Napoleone Cerino

 
  Nella monumentale rovina del cosiddetto «Reale» albergo dei poveri, Matteo Fraterno trova, e francamente ruba, il fascicolo 4641 di un Archivio abbandonato, carta logora e realistica, 5 maggio (sic) di circa 100 anni fa «oggetto» tal Cerino Giuseppe di Napoleone, autodichiarante si (il Napoleone) pochi anni addietro in anagrafe ventiduenne«scultore», oggetto produttore di oggetti dunque - Matteo pensa e tende una trappola di arte a questo punto poverissima, «trape art» o arte mastrillo, e convoca alcuni addetti ai lavori, vigili e professori; a sfogare competenze e acquisizioni intorno all'artista fantasma, alla reliquia necromantica assoluta, al dono dello scarto.

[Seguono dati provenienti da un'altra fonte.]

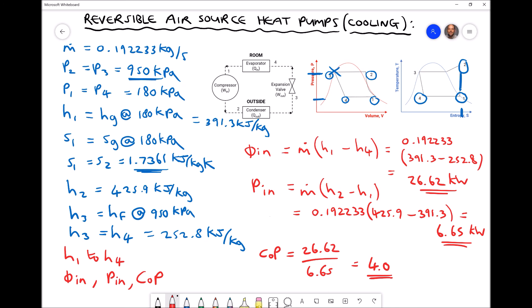In summary, we've investigated an air source heat pump used for a cooling application, as opposed to the heating application in the previous video. The processes differ in that the refrigerant travels in the opposite direction: it gains heat energy travelling through the room and loses heat energy at the outside heat exchanger. We determined enthalpy values at positions 1 to 4, then calculated the heat removed from the room at 26.62 kW, the compressor work rate at 6.65 kW, and the coefficient of performance of 4.0 for the cooling mode.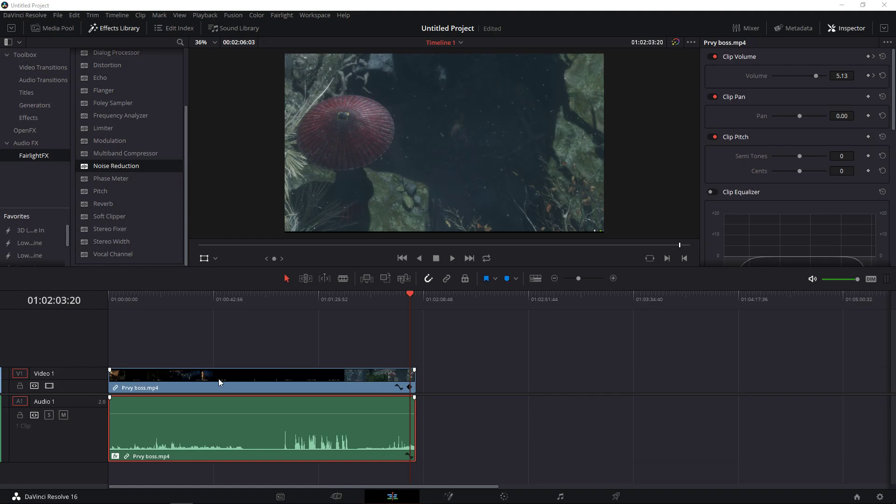Hey everybody, in this video I want to show you how we can fade music in and out in DaVinci Resolve 16. There are actually three ways how you can do that.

Non so dire se forse di nuovo l'artista si assume così un compito di fornire la glossa più generale dell'ordinamento e dell'esistenza di una comunità di viventi; o se forse l'identificazione virtuale con il meno mercificabile degli scarti, col non-funzionale al quadrato, non testimoni soltanto l'inutile ma il nocivo, l'ambivalenza della ambivalenza, e diciamolo un disagio della civiltà senza fondo.

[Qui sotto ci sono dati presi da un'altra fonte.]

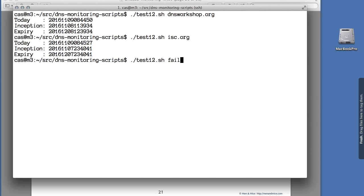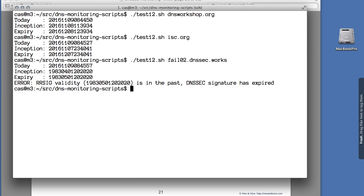I have a domain called fail02.dnssec.works which has expired signatures, for the purpose of troubleshooting and learning. If we use test 12 on this domain, we get an error — the RRSIG validity is in the past. Specifically, the signatures here expired in May 1983, a long, long time ago. The script detects this and issues an error message.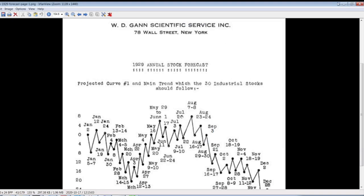Famous 1929 annual stock forecast of W.D. Gann. What will you pay to know how to do it? Is it possible to learn it for free?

Convocato da Matteo per un contributo, diciamo storico, sulla Napoli degli ultimi decenni dell'800 ho a mia volta per fortuna fatto ricorso alle competenze ben maggiori e professionali di mia sorella Marcella Marmo, storica dell'economia e della società (segnatamente meridionale e napoletana) dell'età contemporanea. Io mi riservo più semplicemente qualche riflessione sull'evento (già scritta sopra) e un tentativo, un vero abbozzo, di riflessione più generale e storica in senso lato (che espongo qui di seguito). Mi sembra del resto che l'assunto della divisione del lavoro sia un aspetto strutturale in questo lavoro di Matteo (più di Odisseo legato all'albe ro per cercare di ascoltare le sirene). Non sarebbe inutile tenere in piedi la funzionale distinzione tra soggetto (l'artista) e oggetto (l'arte), anche perché in questo episodio le due categorie propongono un gioco complesso. Ma la produzione come è noto non produce soltanto l'oggetto per il soggetto ma anche il soggetto per l'oggetto. E dunque limitiamoci a registrare questa parte del di scorso, che non ci aiuterebbe a tenerci fuori della trappola di Matteo.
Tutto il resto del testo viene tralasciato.